Are you receiving scam emails requesting payment for items you never purchased? Or are you receiving emails from companies you are doing business with, requesting updated information to your account? Have you been in receipt of a demand letter for copyright illegal image use?
If you’ve answered yes to any of the above, then it’s important that you learn how to protect yourself from these internet trolls who can disrupt your life and your finances.
Many of these cyber criminals thrive on sending out numerous emails, and they only need to catch a few unknowing victims to grow their profits. In a world where so much of our daily activities are done online now, it makes us more vulnerable to scammers. It’s sometimes overwhelming the amount of emails we receive, and subsequently, when time is short, we have a tendency to click on them a bit too eagerly to get through them. But when it comes to receiving emails from companies you aren’t familiar with, or do business with, regarding payments, we have to slow down and do a little more digging.

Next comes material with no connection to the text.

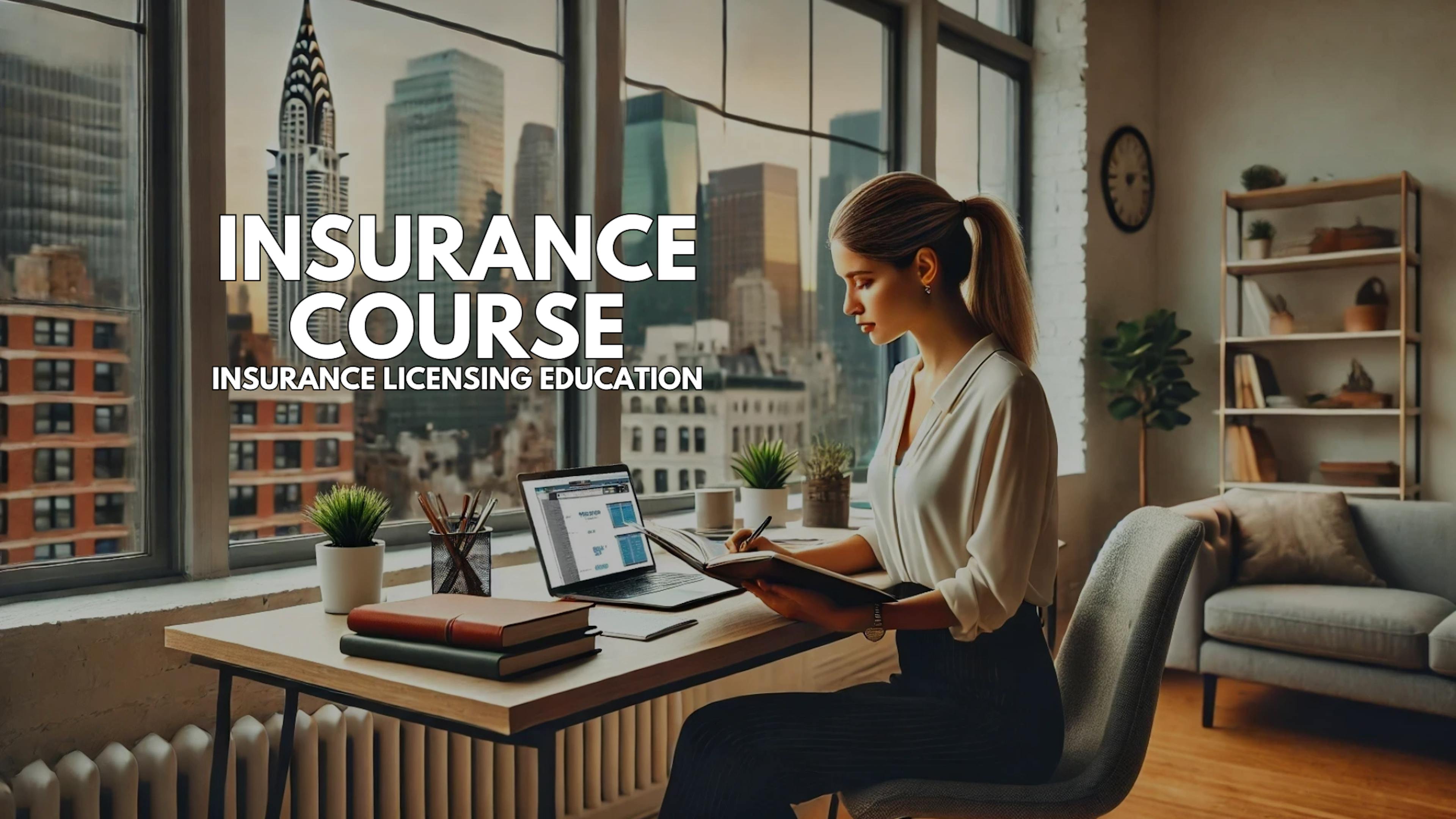 Insurance Course - Get Your Property & Casualty Insurance License Online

In these past few months, I’ve received scam emails from LCS – one of the biggest alleged scam copy infringements currently circulating, a scam letter from a company I’ve never heard of, saying I owe $55,000 in arrears, a gmail support letter to my ‘alternate’ alert email, and a request for updated information to my Paypal account.
You may be wondering how we can sniff out the scammers, and what to do about them. And today I’m going to share how to deal with these illegal annoyances.
Gmail support is pretty darned good at sniffing out scammy things. Last week I received a notification from them, informing me that they had deleted something scammy out of my mailbox. When I tried to find that email, it was not even available to view in junk. Although I was happy that Gmail is doing their due diligence, I would have liked to have been able to see the offending email so I could see if I should have taken further action.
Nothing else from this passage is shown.